Les “ conditions météorologiques défavorables ” attribuées à la mort d’animaux au zoo de Dublin augmentent de 57%

| |

Des conditions météorologiques défavorables ont été imputées à une augmentation de 57% des décès d’animaux au zoo de Dublin, où un certain nombre d’espèces en voie de disparition figuraient parmi 83 créatures décédées en 2018.

hé comprenait deux des cinq bongos de l’est du zoo – des antilopes en danger critique d’extinction originaires d’Afrique – et une femelle lémur catta, dont il ne resterait que 2000 à l’état sauvage.

Trois loups gris sont également morts au zoo au cours de la période de 12 mois, avec une autruche femelle, trois suricates à queue mince et l’un de ses trois okapis – une espèce en voie de disparition également connue sous le nom de girafe zèbre.
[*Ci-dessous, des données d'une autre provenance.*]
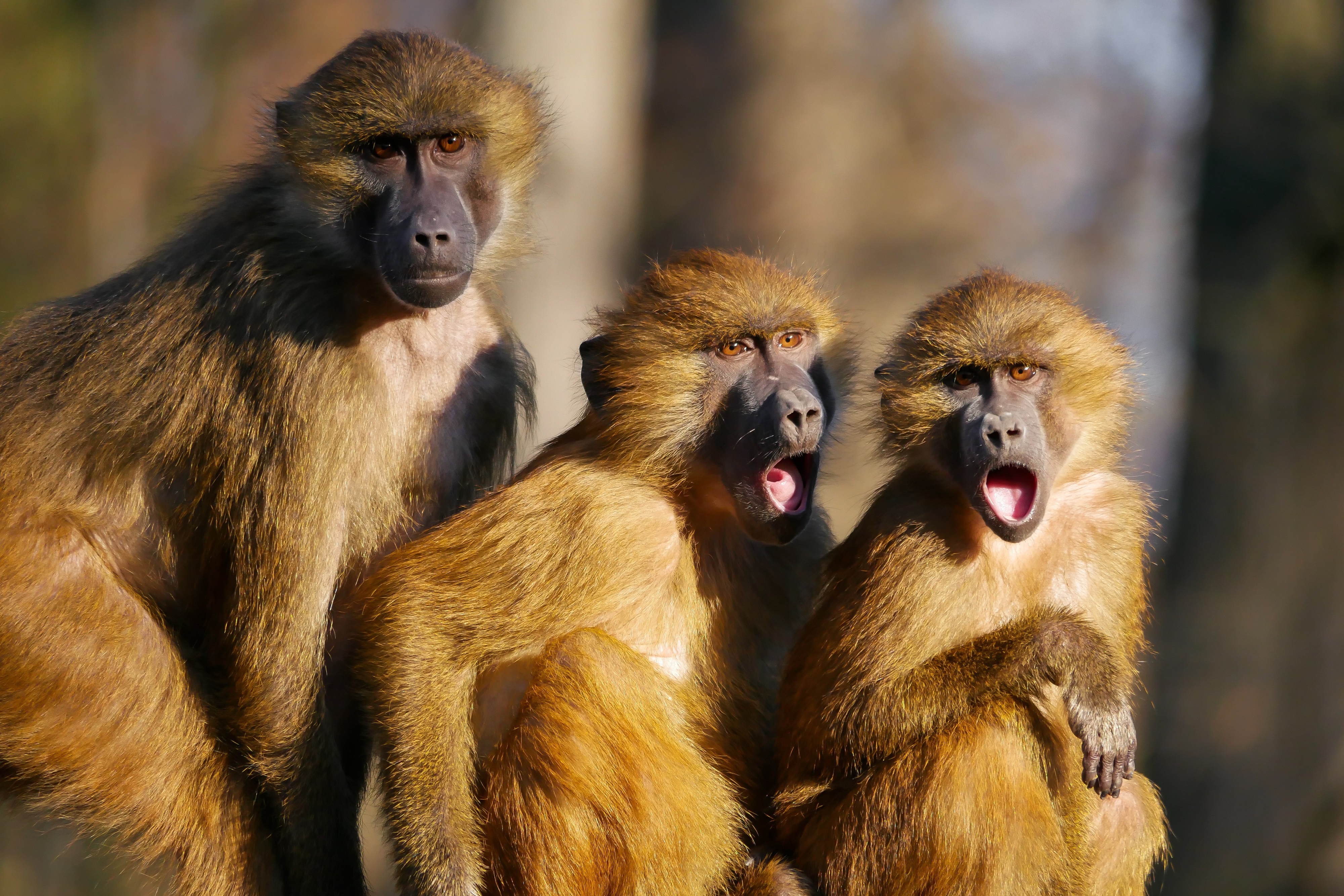 Barbary Macaque Monkey Primate Wildlife 4000x2668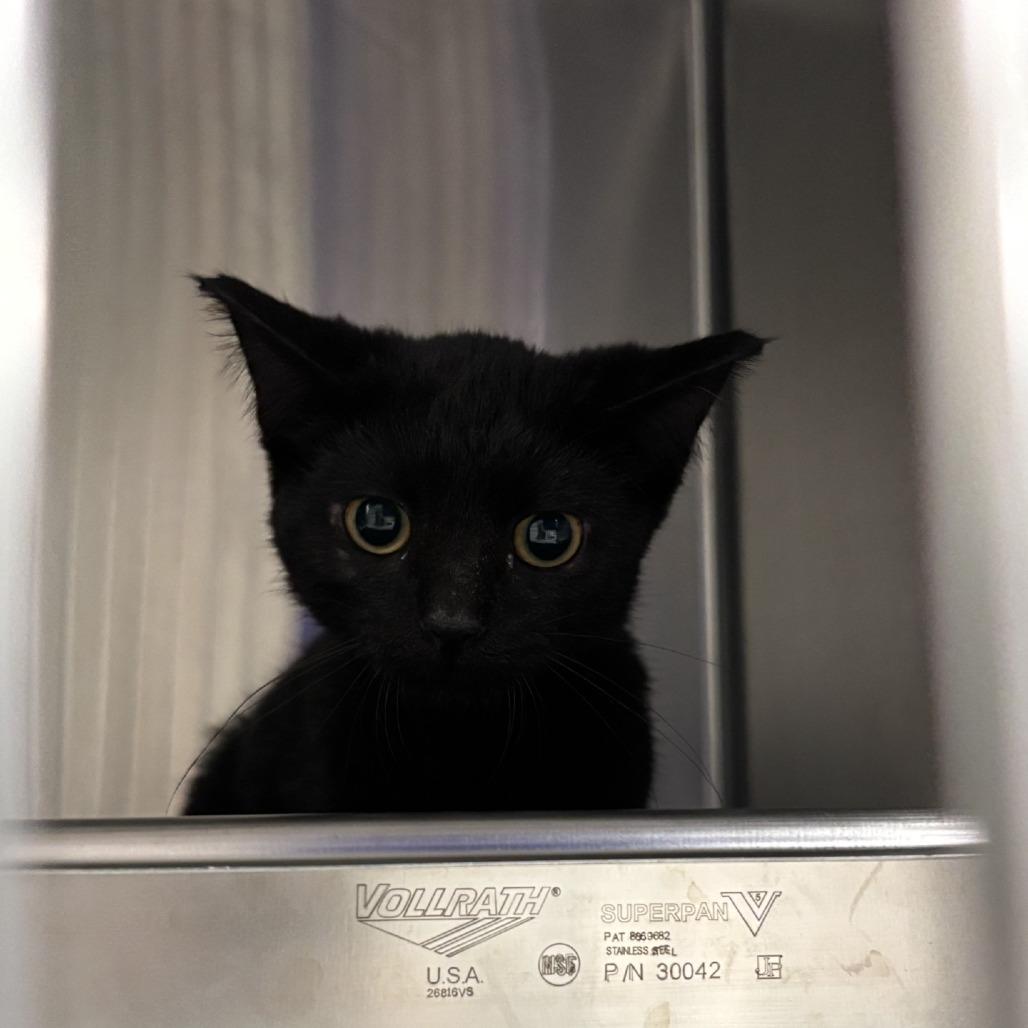 Ravioli, a Adoptable Domestic Short Hair in Brookfield, WI image 1/2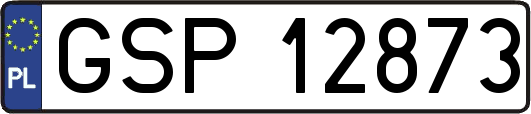 GSP12873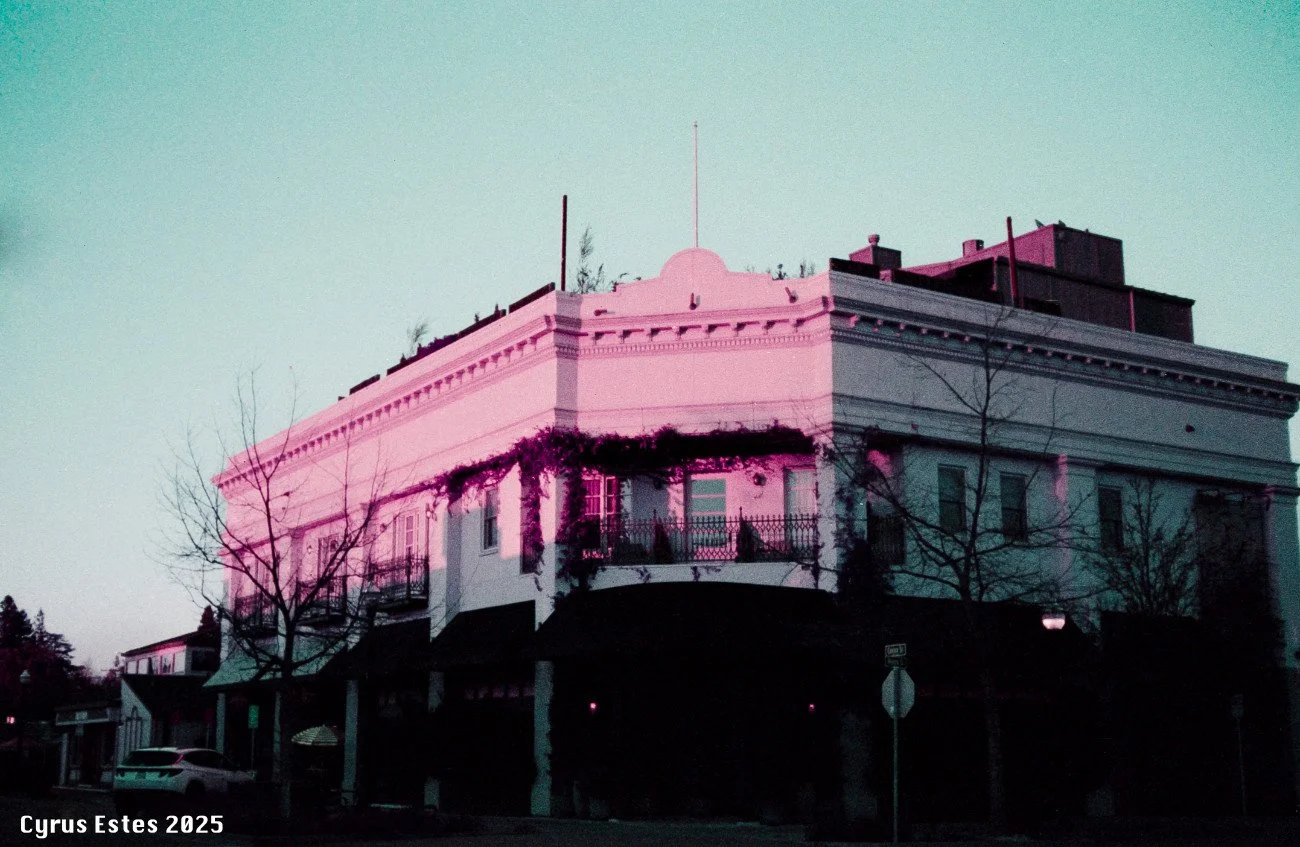 Healdsburg, California. Ricoh YF-20, Lomography Purple 35mm film.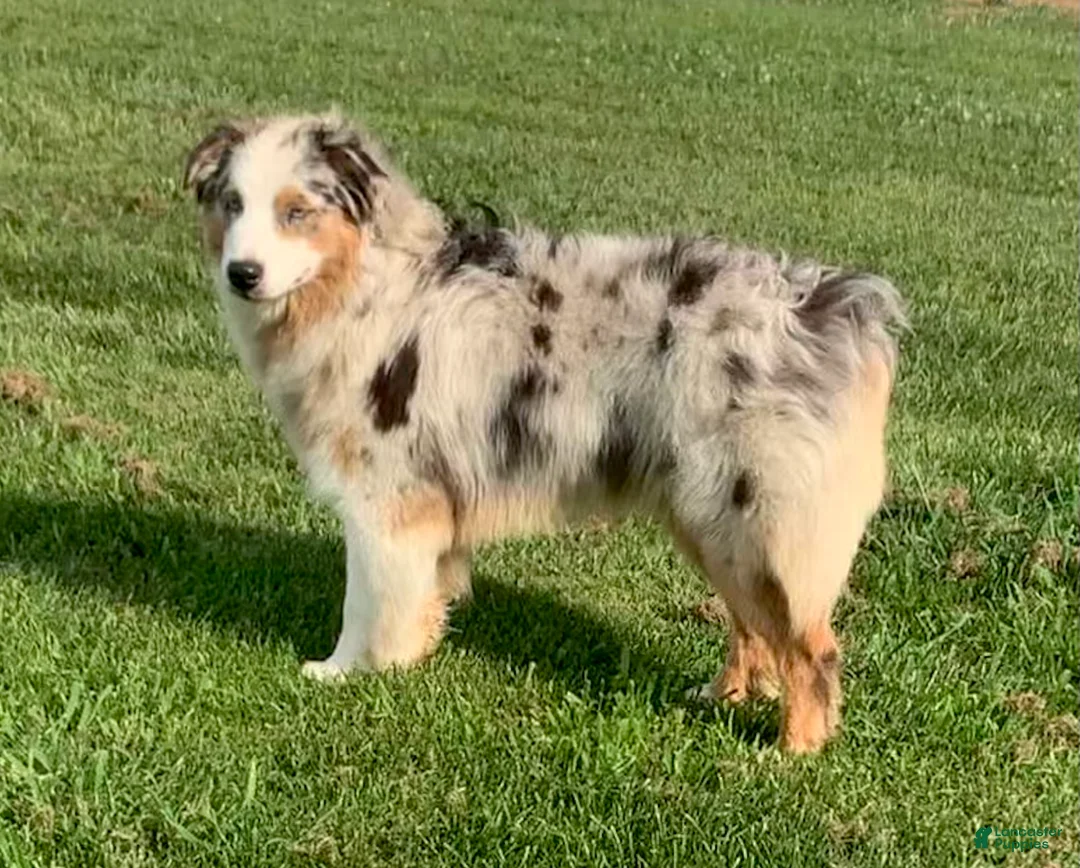 Mixed Breed dogs for sale: Oreo  - Ad 5
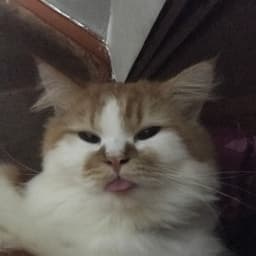 hanssul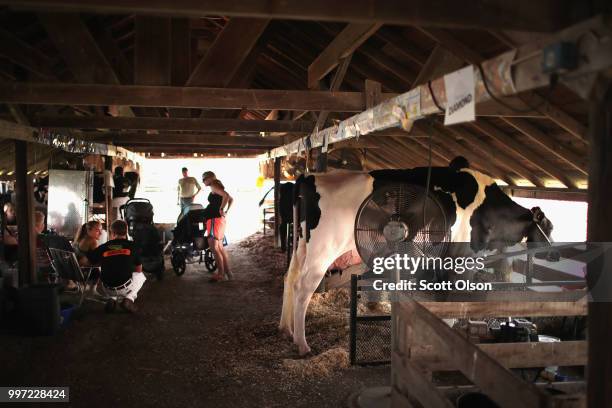 Farm families sit with their dairy cows while they wait for judging to begin at the Iowa County Fair on July 12, 2018 in Marengo, Iowa. The fair,...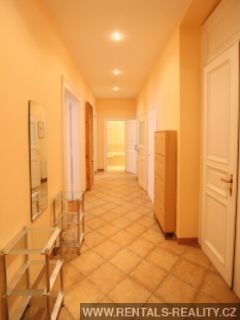 Pic 11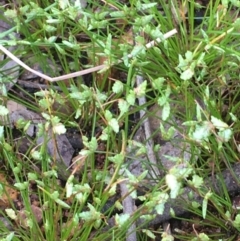 Isolepis levynsiana (Tiny Flat-sedge) at Mount Ainslie - 15 Oct 2020 by JaneR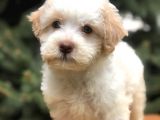 Orjinal Mavi Gözlü Maltıpoo Yavrumuz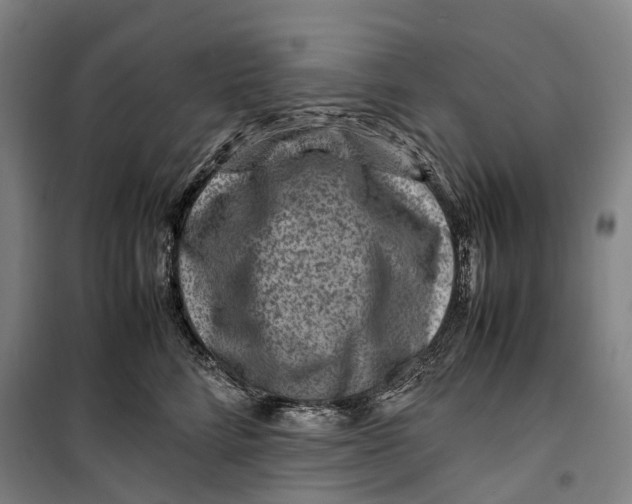 X0000099570712200806061603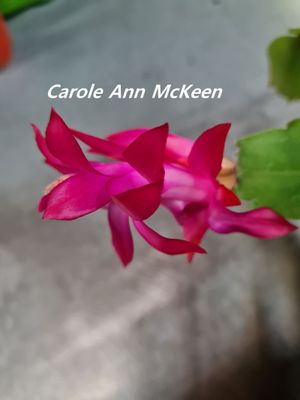 Schlumbergera Hybride " Carole Ann McKeen "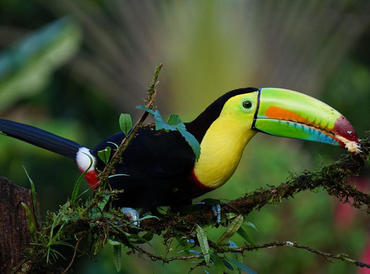 Costa Rica hat eine hohe Vielfalt von Vögeln, wie hier den Tukan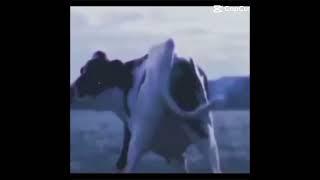 cows @Caitlin-Saunders  @SURF_WORLD #cowvideos #funnyvideo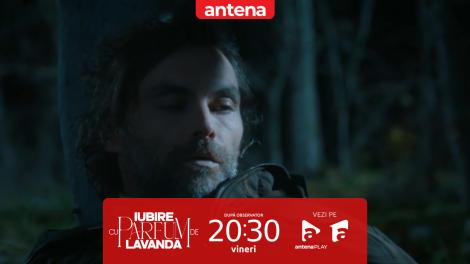Iubire cu parfum de lavandă | Sezonul 2 | Episodul 40, 18 aprilie 2025. Traian a fost împușcat de Albert în pădure
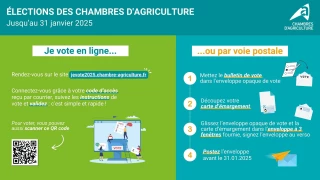 Comment voter aux élections des chambres d’agriculture 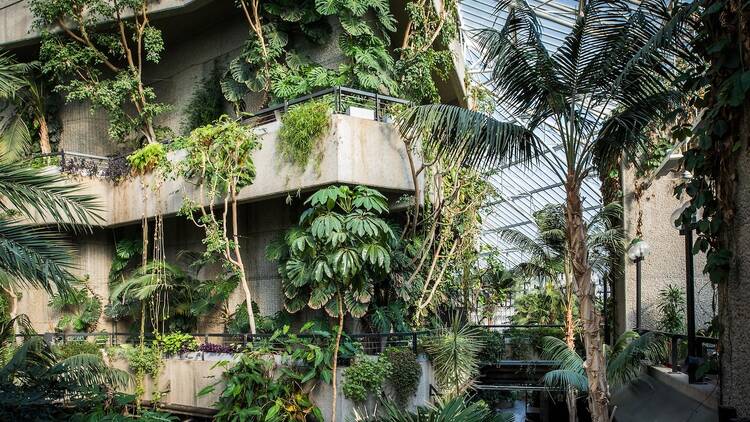 Enjoy a leafy paradise, FREE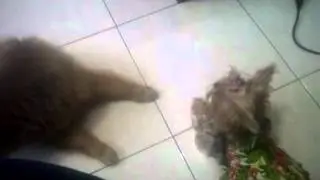 pertarungan antara kimi dan chocky.3GP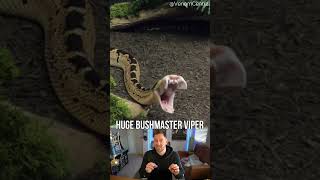 Huge Bushmaster Viper - Mive Fangs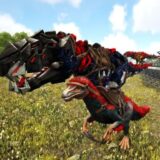 ペットのレベル上げ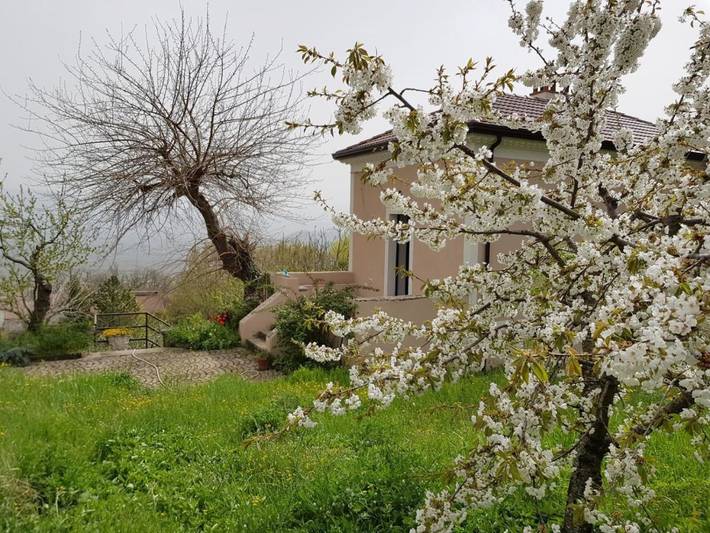 Location de vacances pour 4 personnes, avec jardin à Viggiano (Italie) - 4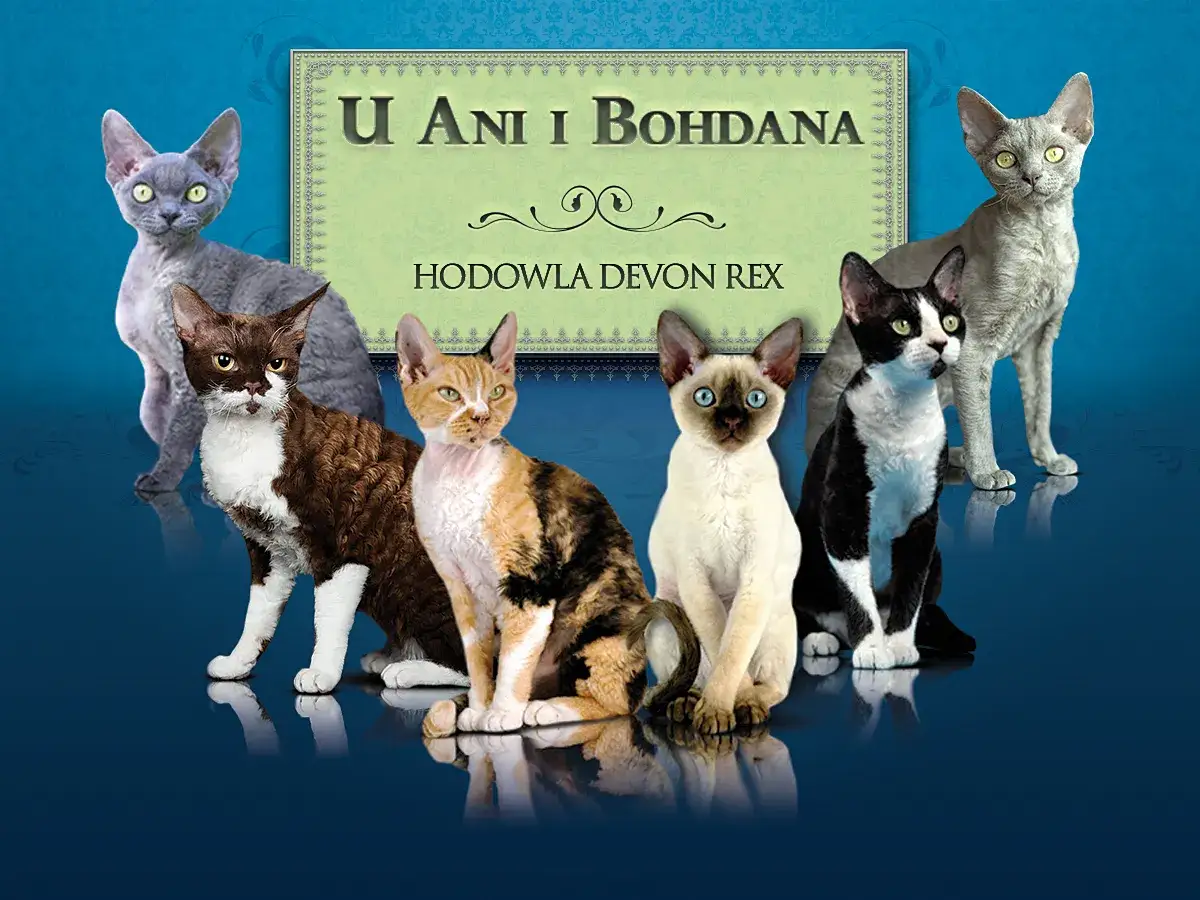Zdjęcie Hodowla Devon Rex w Mazowieckiem - znajdź idealnego kociaka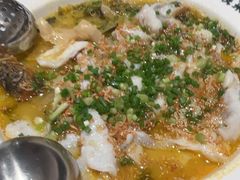 -金三可市井水煮鱼(金碧园店)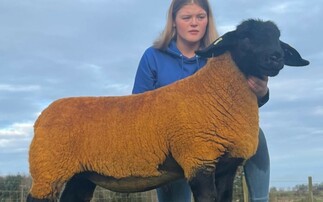 The top price ewe lamb at 1,900gns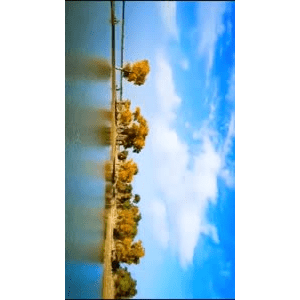旅行风景3315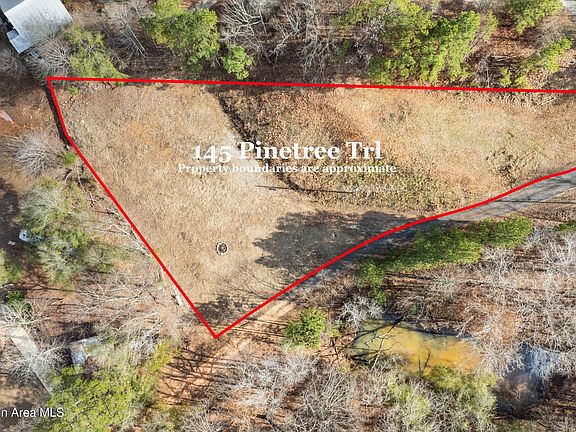5th image of 145 Pine Tree Cir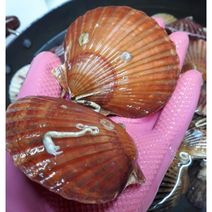 통영 홍가리비 1kg, 1개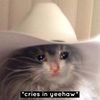 yeehawkitten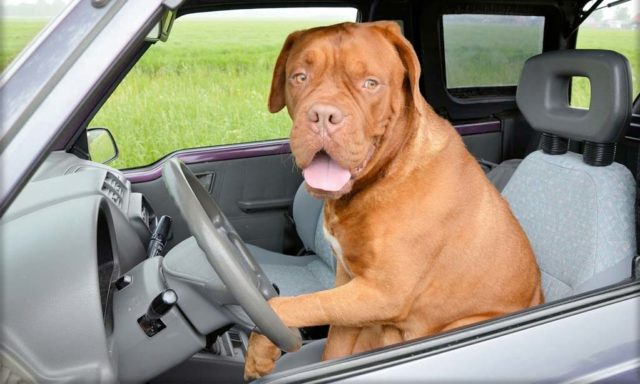 Funny dog blares the car horn becasue he is sick of waiting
Deux mangabeys à la nuque blanche en voie de disparition figuraient également parmi les morts – dont l’un est mort dans les 30 jours suivant sa naissance – avec un renard volant de Rodrigues, qui est une espèce de chauve-souris en voie de disparition.

Le décès le plus médiatisé survenu au zoo de Dublin en 2018 a été celui de Lena, l’un de ses cinq gorilles des plaines de l’ouest, qui serait décédé d’une maladie inconnue en septembre de la même année.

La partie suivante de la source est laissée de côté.